EX-5.1 2 opinionofseyfarthshaw2016s.htm EXHIBIT 5.1 S/S SEC Exhibit



Exhibit 5.1


[Seyfarth Shaw LLP Letterhead]

May 12, 2016
Evolution Petroleum Corporation
2500 City West Blvd.
Suite 1300
Houston, TX 77042
Dear Ladies and Gentlemen:
We have acted as counsel for Evolution Petroleum Corporation, a Nevada corporation (the “Company”), in connection with the preparation of the Company’s Registration Statement on Form S-3 filed with the Securities and Exchange Commission (the “Commission”) on the date hereof under the Securities Act of 1933, as amended (the “Securities Act”), relating to the offer and sale, from time to time, pursuant to Rule 415 under the Securities Act, of (i) shares of common stock, $0.001 par value per share (“Common Stock”), of the Company (including any attached preferred share purchase rights), (ii) shares of preferred stock, $0.001 par value per share, of the Company (the “Preferred Stock”); (iii) warrants for the purchase of Common Stock or Preferred Stock (the “Securities Warrants”); and (iv) unsecured debt securities of the Company, which may be either senior or subordinated and may be issued in one or more series, consisting of notes, debentures or other evidences of indebtedness (“Debt Securities,” and together with the Common Stock, the Preferred Stock, and the Securities Warrants, each a “Security” and collectively the “Securities”).

We have examined originals or copies, certified or otherwise identified to our satisfaction, of (i) the Registration Statement, (ii) the Articles of Incorporation, as amended, and Bylaws of the Company, (ii) the form of senior indenture (the “Senior Indenture”) filed or incorporated by reference as an exhibit to the Registration Statement, (iii) the form of subordinated indenture (the “Subordinated Indenture” and, together with the Senior Indenture, the “Indentures”) filed or incorporated by reference as an exhibit to the Registration Statement and (iv) such other certificates, statutes and other instruments and documents as we considered appropriate for purposes of the opinions hereafter expressed.
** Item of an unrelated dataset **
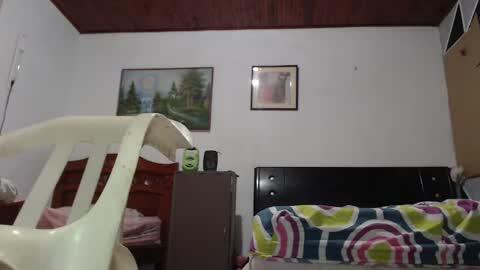 Snapshot of jhon_tommy chatting on February 13, 11:50 am jhon tommy online show from February 13, 11:50 am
In connection with rendering the opinions set forth below, we have assumed that (i) all information contained in all documents reviewed by us is true and correct; (ii) all signatures on all documents examined by us are genuine; (iii) all documents submitted to us as originals are authentic and all documents submitted to us as copies conform to the originals of those documents; (iv) the Registration Statement and any subsequent amendments (including additional post-effective amendments), will have become effective and comply with all applicable laws; (v) all Securities will be issued and sold in compliance with applicable federal and state securities laws and in the manner specified in the Registration Statement and the applicable Prospectus Supplement; (vi) the applicable Indenture will have been duly qualified under the Trust Indenture Act of 1939, as amended; (vii) one or more prospectus supplements to the prospectus contained in the Registration Statement will have been prepared and filed with the Commission describing the Securities offered thereby; (viii) the Indentures, and any supplemental indenture relating to a particular series of Debt Securities, will be duly authorized, executed and delivered by the parties thereto in substantially the form reviewed by us; (ix) a definitive purchase, underwriting or




similar agreement with respect to any Securities offered will have been duly authorized and validly executed and delivered by the Company and the other parties thereto; and (x) at the time of issuance of any shares of Common Stock or Preferred Stock (including any such shares issuable upon the conversion of another Security), the Company has a sufficient number of authorized but unissued shares of Common Stock or Preferred Stock, as the case may be, under its Articles of Incorporation; (xi) any securities issuable upon conversion, exchange or exercise of any Debt Securities or Securities Warrants being offered will have been duly authorized, created and, if appropriate, reserved for issuance upon such conversion, exchange or exercise and (xii) none of the terms of any Security to be established after the date hereof, nor the issuance and delivery of any such Security nor the compliance by the Company with the terms of such Security will violate any applicable law or will result in violation of any provision of any instrument or agreement then binding on the Company, or will violate any restriction imposed by a court or governmental body having jurisdiction over the Company.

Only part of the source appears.